Le monde tel que je l’expérimentais n’avait rien de mystique ; le surnaturel n’existait pas, pourtant quelque chose de mystérieux était en œuvre, une force que l’on pouvait identifier et avec laquelle je me sentais de négocier.

Âmes sensibles, ne pas s’abstenir. Toute la très grande ambivalence de ce roman est d’être constamment beau. Comme si les monstres, c’est le plus difficile à admettre, avaient eux aussi un sens développé de l’esthétique. Comme le dit le narrateur, après un meurtre faut pas pousser, « une vague d’émotion m’envahit, un mélange de joie et de regret, un sens aigu de la beauté et de la fragilité du monde. » Ce que suggère Burnside c’est que le langage existe pour convoquer les spectres du passé. Ou comment, le narrateur, tente de nous expliquer comment il se retrouve pris « dans les rets d’une certaine vision du monde : une attente, une peur secrète. » L’amalgame des souvenirs d’enfance et de la sensation des saisons. Une enfance à l’écart, jamais très loin chez Burnside du conte de fée. Une grande précision, un sens poétique de l’image toujours très frappante. L’ombre du père d’abord. Sans doute la seule figure vaguement raisonnable, effacée donc. Un attachement au matériel comme preuve d’affection. Un contrepoids aussi au lien très fort, de plus en plus malsain va sans dire, avec mère. On touche tout ceci par le mot précis, la fleur qu’il convient, la neige et la pluie pour confirmer cette coupure.

On aurait dit que c’était moi qui ne pouvais parler, que pour moi, le monde n’était qu’un fouillis de significations et inquiétantes… et j’en vins alors à me dire que c’était moi qu’on avait enfermé dans la Maison muette.

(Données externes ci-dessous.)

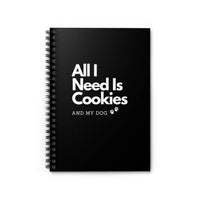 All I Need Is Cookies (and my dog) Notebook - PetXcite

Au-delà de la crasse, peut-être justement par le mensonge, le narrateur développe une folle réflexion sur le langage, sur son aptitude non pas à le décrypter, mais à en entretenir le mystère fondamentale, l’attente. L’espoir, un pur projet. Ce sera d’ailleurs, dans l’ignominie, les derniers mots du livre. Une des questions serait de savoir si le langage peut-être autre chose qu’une construction sociale. Les jumeaux enfermés par le narrateur développe une sorte de chant, un babillage dans lequel il veut à toute force découvrir un sens. Ou plus exactement, un marqueur de sa présence. « On parle pour s’imposer des limites, pour circonscrire le monde dans un cadre étroit. », pour se prouver surtout que l’on existe. En deçà du langage reste une peur, une violence incontrôlée, indéchiffrable. Burnside réfléchit dès son premier roman à ses limites, à ses fondements. Il impose une autre réponse, malgré tout la langue sert à se comprendre, à dire le plus exactement possible ses sentiments.

4 commentaires sur « La maison muette John Burnside »

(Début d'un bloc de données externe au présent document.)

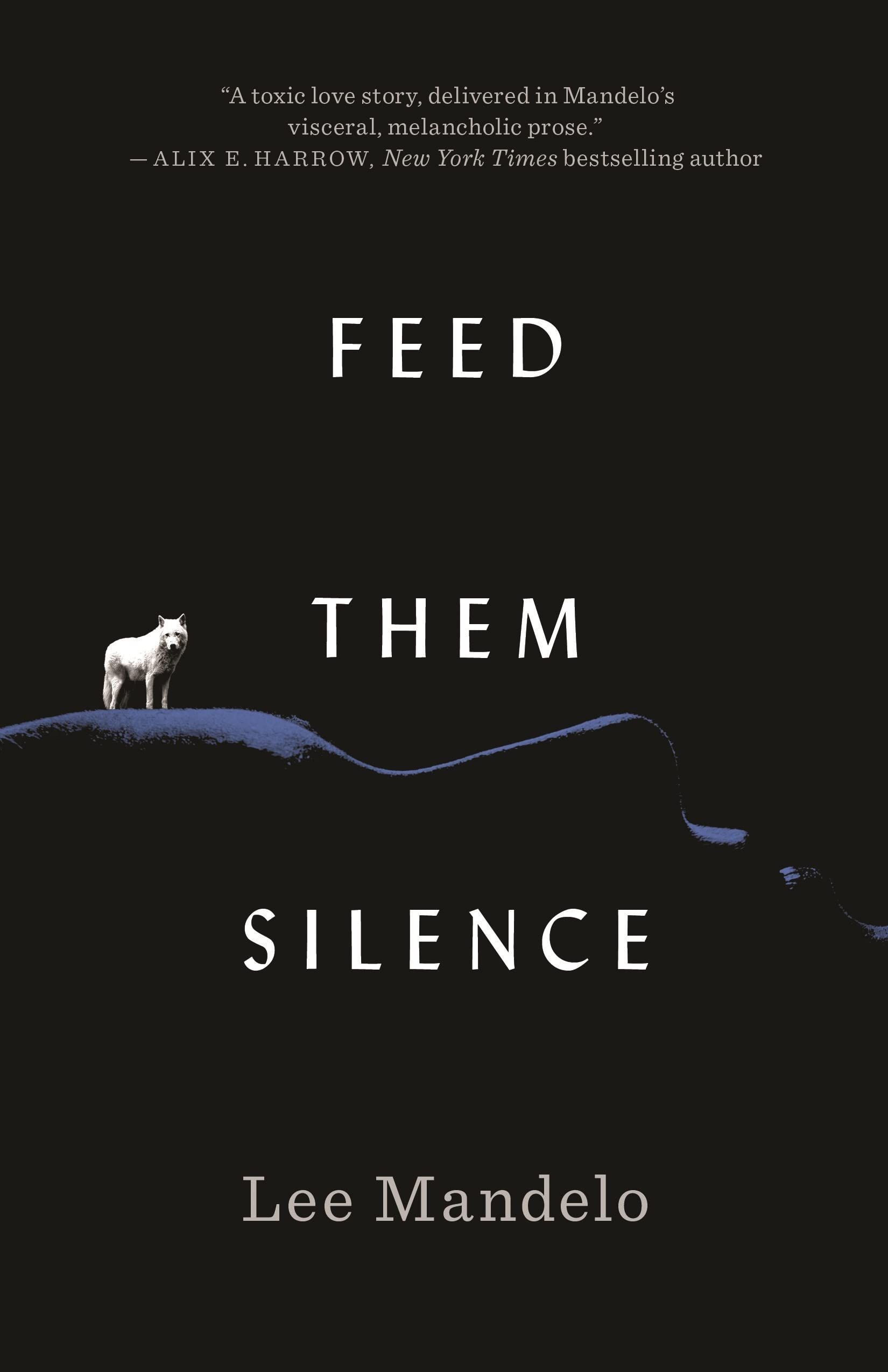Wolves at the Door: On Lee Mandelo’s “Feed Them Silence”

  1. Je viens de le relire Impressionnant. On est happé, soulevé, vampirisé par cette prose magnifique, où je retrouve la même précision machiavélique que chez Edgar Poe. On est immergé dans la conscience d’un pervers – d’un fou -, dans son délire et ce qu’il a d’implacable, qui fascine, et qui fait peur. Le chapitre des jumeaux est à cet égard exemplaire, dont le chant à la fois sauvage et doux est d’une beauté et d’une violence inouïes.